> [TASK MATERIAL]:
•••

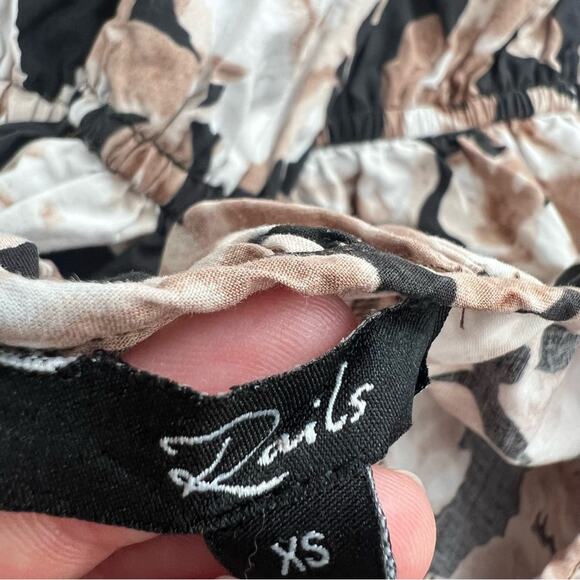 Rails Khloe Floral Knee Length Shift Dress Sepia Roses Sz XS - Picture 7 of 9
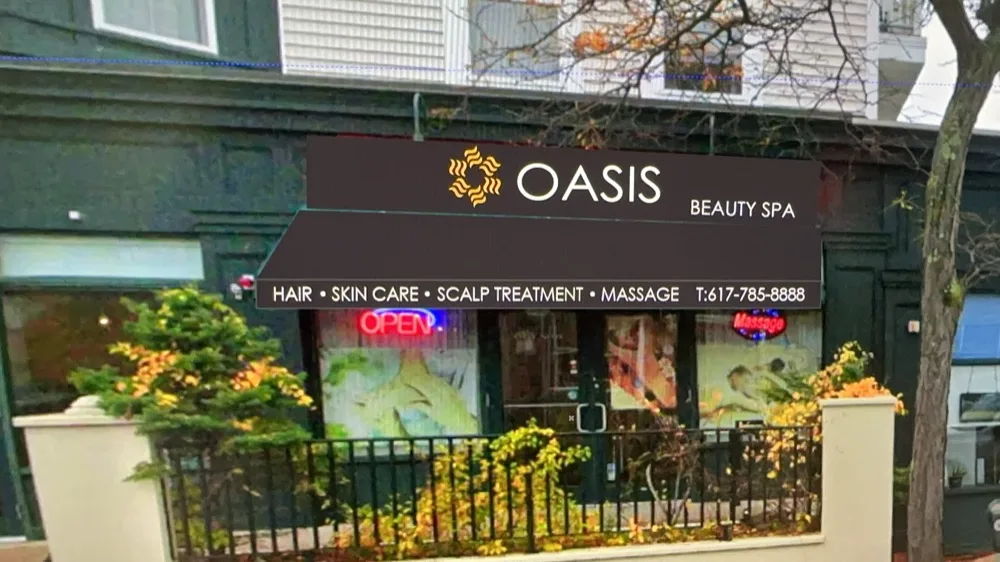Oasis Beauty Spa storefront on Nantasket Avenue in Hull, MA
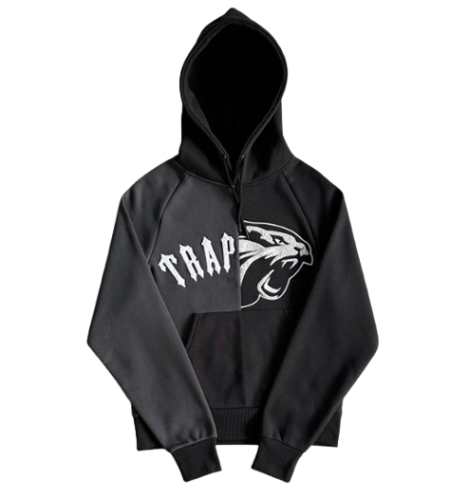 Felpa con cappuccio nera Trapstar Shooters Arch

•••

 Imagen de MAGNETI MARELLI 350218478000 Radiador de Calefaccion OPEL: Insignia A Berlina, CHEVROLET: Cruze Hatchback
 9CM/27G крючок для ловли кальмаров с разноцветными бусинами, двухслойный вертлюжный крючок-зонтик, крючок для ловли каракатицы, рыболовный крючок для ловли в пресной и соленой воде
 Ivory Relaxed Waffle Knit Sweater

•••

> [REQUIRED ACTION]:
Retype exactly the span of lines from the one with "Imagen de MAGNETI" through the one with "Ivory Relaxed Waffle Knit Sweater"; include both ends and omit the rest of the material.

> [TASK SOLUTION]:
 Imagen de MAGNETI MARELLI 350218478000 Radiador de Calefaccion OPEL: Insignia A Berlina, CHEVROLET: Cruze Hatchback
 9CM/27G крючок для ловли кальмаров с разноцветными бусинами, двухслойный вертлюжный крючок-зонтик, крючок для ловли каракатицы, рыболовный крючок для ловли в пресной и соленой воде
 Ivory Relaxed Waffle Knit Sweater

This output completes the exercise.